C’est à plusieurs fins que je vous écris derechef : 1. pour vous donner avis que monsieur votre fils [2] a changé de logis, et qu’il est mieux nourri et plus soigneusement pansé qu’il n’était chez M. Le Moine ; [3] il est logé avec une blanchisseuse rue de la Harpe [4] chez un chapelier, à la Main fleurie, à la troisième chambre vis-à-vis de la Gibecière, bien près de l’Arbalète. [1] 2. Il se porte mieux, Dieu merci ; sa fièvre ne sait plus tantôt sur quel pied danser : la dernière a avancé de quatre heures, qui est une marque infaillible d’une certaine diminution ; les purgatifs [5] qu’il a pris lui font merveille, mais comme c’est un corps tout atrabilaire [6] où il n’y a presque plus de feu, mais beaucoup de charbon et de cendre pareillement, cuius est indies iugis proventus et perennis generatio, [2] je le purgerai encore ; 3. afin que vous sachiez que j’en aurai soin jusqu’au bout. 4. Pour vous faire connaître que vos intérêts me touchent sensiblement, je vous prie de lui mander et commander comme de vous-même (sans qu’il sache jamais que ceci vienne de ma part) que vous désirez qu’au plus tôt il s’en retourne dans le coche à Troyes. [7] Ce changement d’air tel qu’est le nôtre, i. point trop bon, en son air natal, tout autrement plus pur, lui servira merveilleusement ad averruncandas et delendas reliquias morbi quo antehac laboravit.

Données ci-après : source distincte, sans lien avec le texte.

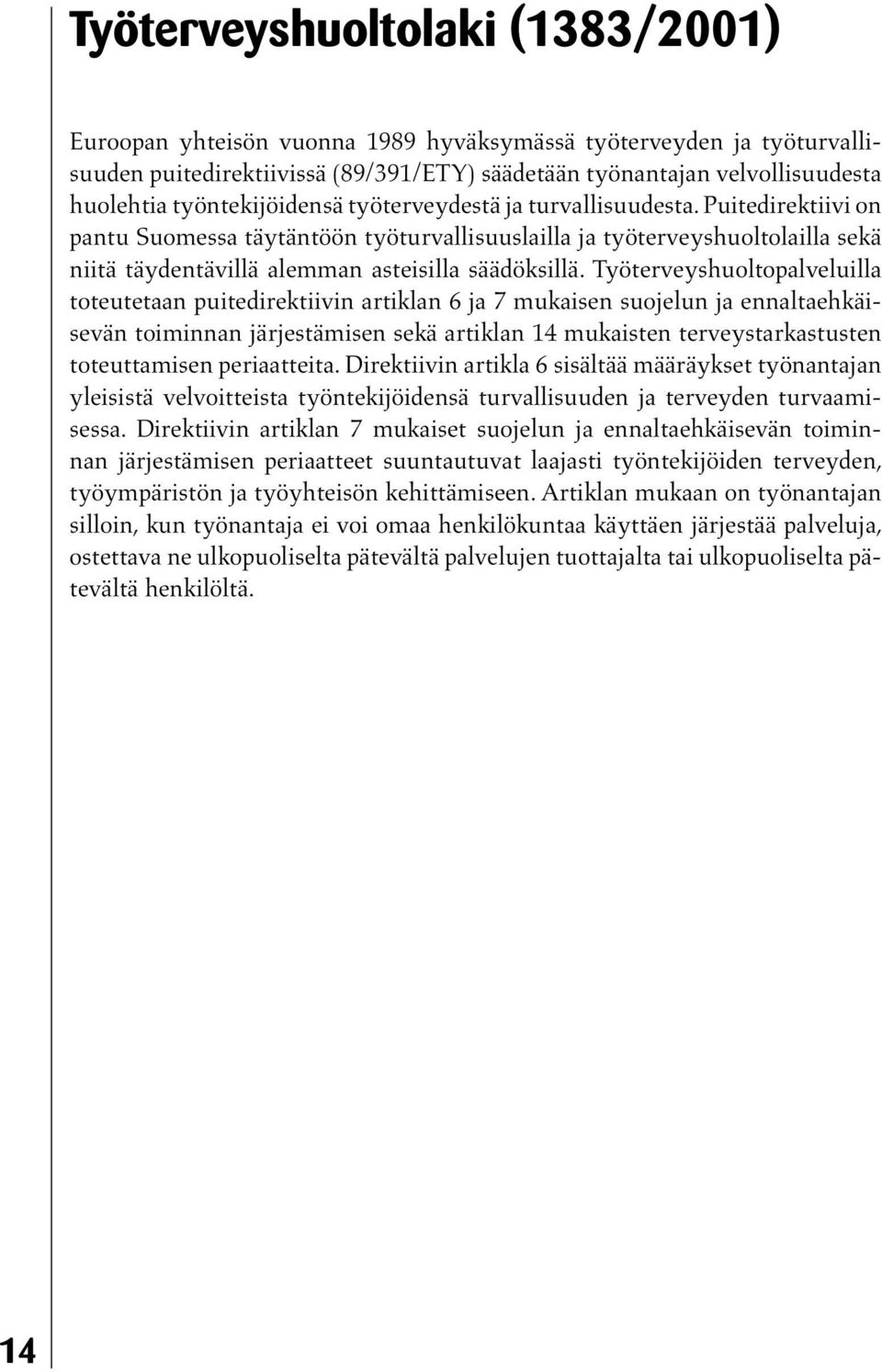 Puitedirektiivi on pantu Suomessa täytäntöön työturvallisuuslailla ja työterveyshuoltolailla sekä niitä täydentävillä alemman asteisilla säädöksillä.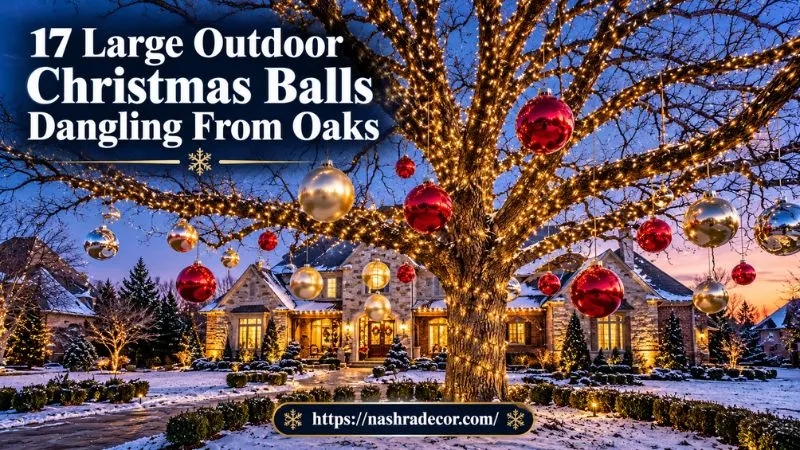 Large Outdoor Christmas Balls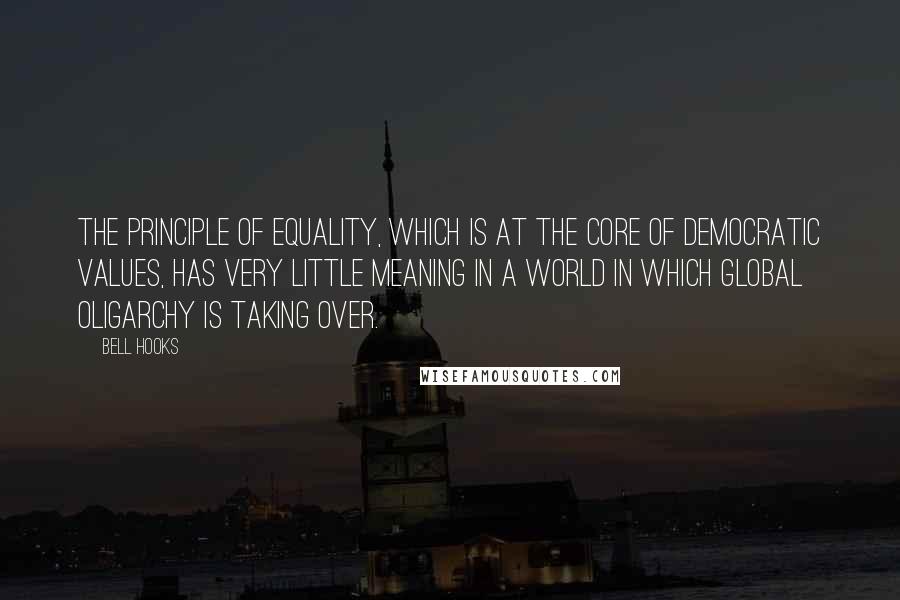 Bell Hooks Quotes: The principle of equality, which is at the core of democratic values, has very little meaning in a world in which global oligarchy is taking over.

Et ad hoc consilium tibi suggerendum me impellit locus ipse non solum suspectus, sed etiam periculosus : est enim de genere eorum locorum quæ Ædilem metuunt, et in quibus aer ipse convalescentibus et adolescentulis est plurimum perniciosus. [3] Je crois que vous m’entendez bien, sapienti dictum sat est. [4] Retirez-le près de vous au plus tôt, ne si diutius hic moretur, pudendo alio et pernicioso affectu corripiatur. [5] Voilà le meilleur conseil que je vous puisse donner, faites-en votre profit.

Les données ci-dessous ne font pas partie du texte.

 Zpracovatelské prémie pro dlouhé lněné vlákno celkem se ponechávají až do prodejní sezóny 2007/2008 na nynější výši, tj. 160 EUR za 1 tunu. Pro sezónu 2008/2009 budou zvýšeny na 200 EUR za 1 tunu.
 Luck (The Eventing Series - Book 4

M. le maréchal d’Hocquincourt [8] s’en va commander l’armée du roi [9] de 9 000 hommes en Catalogne. [10] M. le maréchal d’Aumont, [11] gouverneur de Boulogne, [12] a refusé d’en aller commander une autre en Savoie [13] pour Pignerol. [14] Les jésuites [15][16] font ici imprimer deux nouveaux livres in‑fo contre les jansénistes, qui valent mieux qu’eux. Je me recommande à vos bonnes grâces, à MM. Camusat, Allen, Blampignon, Sorel, Barat, Maillet et nos autres amis, et suis, Monsieur, votre très humble et obéissant serviteur,
Guy Patin.
De Paris, ce 24e de mai 1653.
Tous les Français qui étaient à Stockholm, chez la reine de Suède, [17][18] sont étourdis du bateau : on leur a donné leur congé pour les folies de Bourdelot [19] qui y était premier médecin. La reine voulait retenir notre bon ami M. Naudé [20] qui y était bibliothécaire, [21] mais il a lui-même demandé son congé, ne voulant plus longtemps demeurer là tout seul. À quelque chose malheur est bon, j’aime mieux qu’il soit ici que là, tout le Nord ne vaut point ce digne personnage. On dit que les Espagnols ont assiégé Rosas. [6][22] On voit ici le cardinal Antonio [23] avec son cordon bleu, [24] et dit-on qu’il s’en va bientôt à Rome en qualité de notre ambassadeur extraordinaire.
Tournez. [7]
Peut-être que monsieur votre fils, allectus aliqua cupidine, [8] vous alléguera quelque excuse, aliquam προφασιν, [9] pour ne pas retourner à Troyes. En ce cas-là faites, si vous le trouvez bon, comme le pape fait aux moines et le général à ses carabins, je dis le général des jésuites aux carabins et aux argoulets [10] du P. Ignace : [25] mandez-lui que vous voulez être obéi d’une obéissance aveugle, qu’il retourne à Troyes. La raison, que vous n’êtes pas obligé d’alléguer, peut être rejetée sur la dépense aut simile quid. [11] Je me recommande à vos bonnes grâces et suis de tout mon cœur, Monsieur, votre très humble et très obéissant serviteur,
Guy Patin.
De Paris, ce samedi 24e de mai 1653.